2002-10-12 06:33:57

by Andrew Morton

[permalink] [raw]
Subject: 2.5.42-mm2


url: http://www.zip.com.au/~akpm/linux/patches/2.5/2.5.42/2.5.42-mm2/

mm1 had a little problem in the compilation department - missing chunk
from fs/fcntl.c.

+fix-pgpgout.patch

Fix /proc/vmstat:pgpgin/pgpgout accounting for 512-byte IOs

+dio-fine-alignment.patch

Bring back the 512-byte alignment patch

+sard.patch

Keep sard ticking over

+remove-kiobufs.patch

Remove the kiobuf infrastructure.






kgdb.patch

oprofile-25.patch

misc.patch
misc

hugetlb-meminfo.patch
change hugetlbpage info in /proc/meminfo

dio-bio-add-fix-1.patch
Fix direct-io for bio_add_page()

net-loopback.patch
Disable second copy in the network loopback driver

swsusp-feature.patch
add shrink_all_memory() for swsusp

large-queue-throttle.patch
Improve writer throttling for small machines

exit-page-referenced.patch
Propagate pte referenced bit into pagecache during unmap

swappiness.patch
swappiness control

mapped-start-active.patch
start anonymous pages on the active list

rename-dirty_async_ratio.patch
rename dirty_async_ratio to dirty_ratio

auto-dirty-memory.patch
adaptive dirty-memory thresholding

batched-slab-asap.patch
batched slab shrinking and shrinker callback API

blkdev-o_direct-short-read.patch
Fix O_DIRECT blockdev reads at end-of-device

fix-pgpgout.patch
Fix block IO accounting for 512-byte requests

orlov-allocator.patch

blk-queue-bounce.patch
inline blk_queue_bounce

lseek-ext2_readdir.patch
remove lock_kernel() from ext2_readdir()

msync-correctness.patch
msync correctness fix

dio-fine-alignment.patch
Allow O_DIRECT to use 512-byte alignment

sard.patch
SARD disk accounting

write-deadlock.patch
Fix the generic_file_write-from-same-mmapped-page deadlock

rd-cleanup.patch
Cleanup and fix the ramdisk driver (doesn't work right yet)

spin-lock-check.patch
spinlock/rwlock checking infrastructure

hugetlb-prefault.patch
hugetlbpages: factor out some code for hugetlbfs

ramfs-aops.patch
Move ramfs address_space ops into libfs

hugetlb-header-split.patch
Move hugetlb declarations into their own header

hugetlbfs.patch
hugetlbfs file system

hugetlb-shm.patch
hugetlbfs backing for SYSV shared memory

page_reserved-accounting.patch
Global PageReserved accounting

use-page_reserved_accounting.patch
Use PG_reserved accounting in the VM

ramfs-prepare-write-speedup.patch
correctness fixes in libfs address_space ops

akpm-deadline.patch
deadline scheduler tweaks

intel-user-copy.patch
Faster copt_*_user for Intel ia32 CPUs

raid0-fix.patch
RAID0 fix

rmqueue_bulk.patch
bulk page allocator

free_pages_bulk.patch
Bulk page freeing function

hot_cold_pages.patch
Hot/Cold pages and zone->lock amortisation

readahead-cold-pages.patch
Use cache-cold pages for pagecache reads.

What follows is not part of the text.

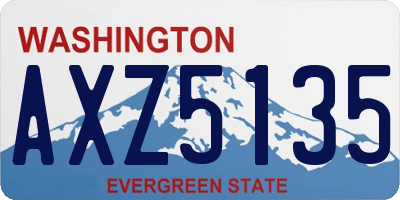 WA license plate AXZ5135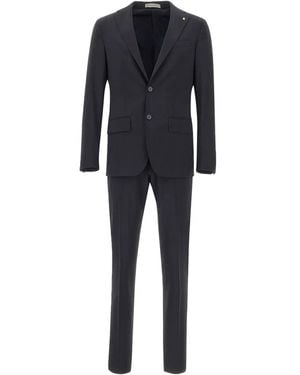 Corneliani Pak Met Twee Knopen - Blauw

pagevec-hot-cold-hint.patch
hot/cold hints for truncate and page reclaim

page-reservation.patch
Page reservation API

o_streaming.patch
O_STREAMING support

remove-kiobufs.patch
Remove kiobufs and kiovecs

slab-split-01-rename.patch
slab cleanup: rename static functions

slab-split-02-SMP.patch
slab: enable the cpu arrays on uniprocessor

slab-split-03-tail.patch
slab: reduced internal fragmentation

slab-split-04-drain.patch
slab: take the spinlock in the drain function.

slab-split-05-name.patch
slab: remove spaces from /proc identifiers

slab-split-06-mand-cpuarray.patch
slab: cleanups and speedups

slab-split-07-inline.patch
slab: uninline poisoning checks

slab-split-08-reap.patch
slab: reap timers

cpucache_init-fix.patch
cpucache_init fix

slab-split-10-list_for_each_fix.patch
slab: for a list walking bug

shpte.patch

shpte-ifdef.patch
reduced ifdeffery in the shared pagetable code

shpte-mprotect-fix.patch
fix shared pagetable handling of mprotect

shpte-unmap-fix.patch
shared pagetable unmap fix

shmmap.patch
Proactively share page tables for shared memory

read_barrier_depends.patch
extended barrier primitives

rcu_ltimer.patch
RCU core

dcache_rcu.patch
Use RCU for dcache


2002-10-12 13:19:20

by Ed Tomlinson

[permalink] [raw]
Subject: Re: 2.5.42-mm2

Hi,

This builds fine but gets errors in depmod.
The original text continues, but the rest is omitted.